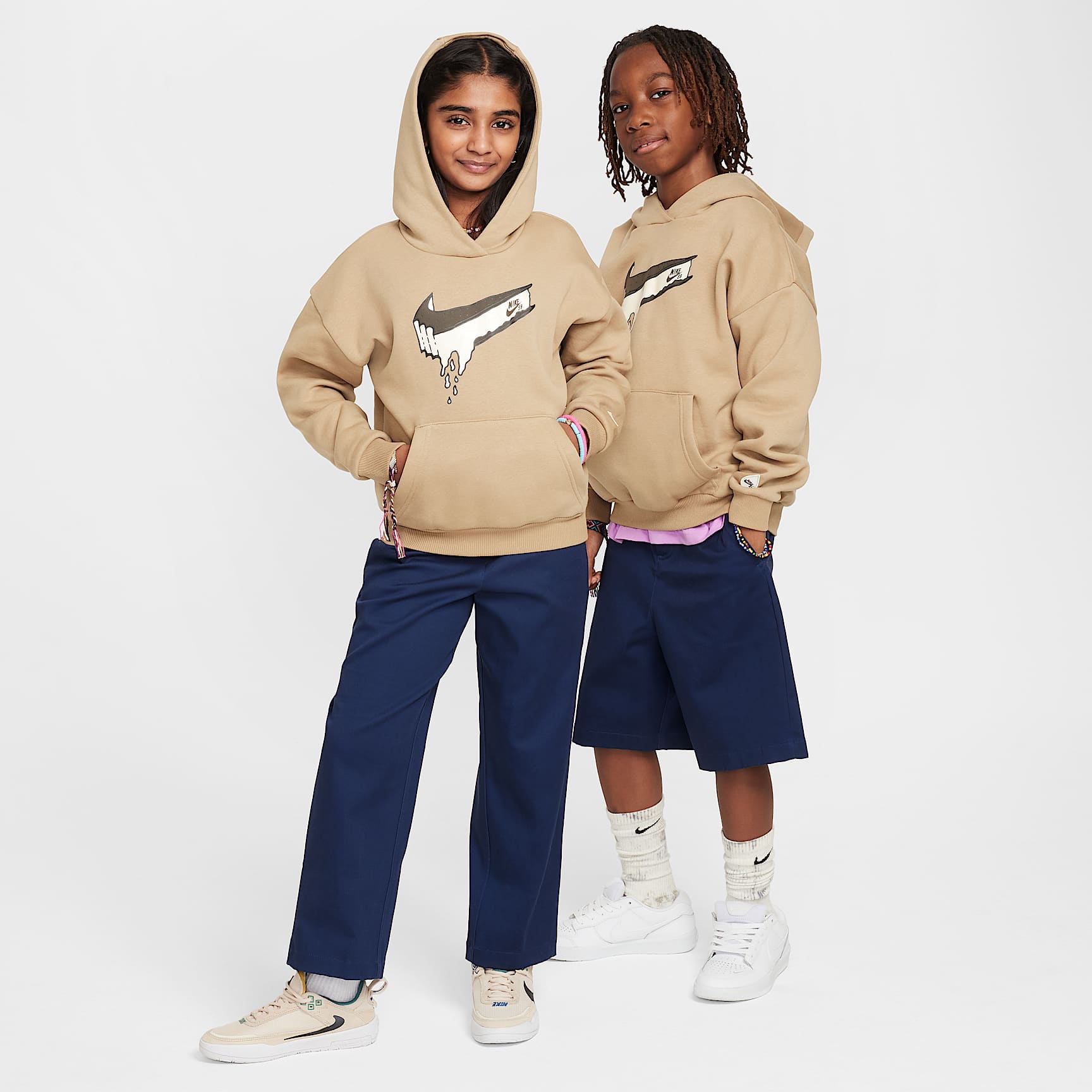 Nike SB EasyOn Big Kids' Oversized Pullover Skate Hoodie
* * *
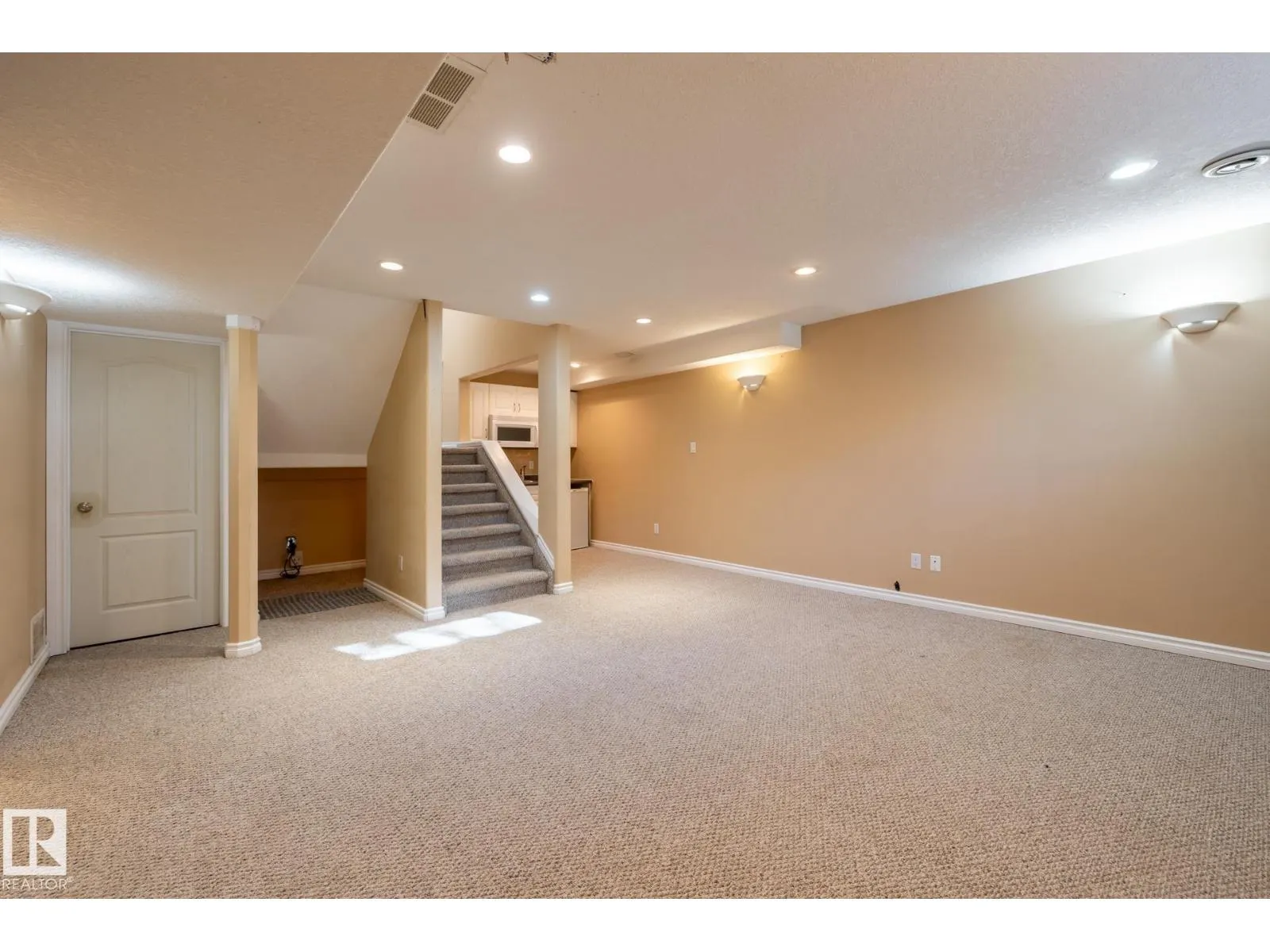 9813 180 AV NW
==
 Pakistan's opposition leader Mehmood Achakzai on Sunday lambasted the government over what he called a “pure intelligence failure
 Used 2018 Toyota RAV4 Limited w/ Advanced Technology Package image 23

→ Exercise objective
From the listing above, output exactly the run of lines that starts with the line containing "Pakistan's opposition leader" and ends with the line containing "Used 2018 Toyota".

→ Solution below
 Pakistan's opposition leader Mehmood Achakzai on Sunday lambasted the government over what he called a “pure intelligence failure
 Used 2018 Toyota RAV4 Limited w/ Advanced Technology Package image 23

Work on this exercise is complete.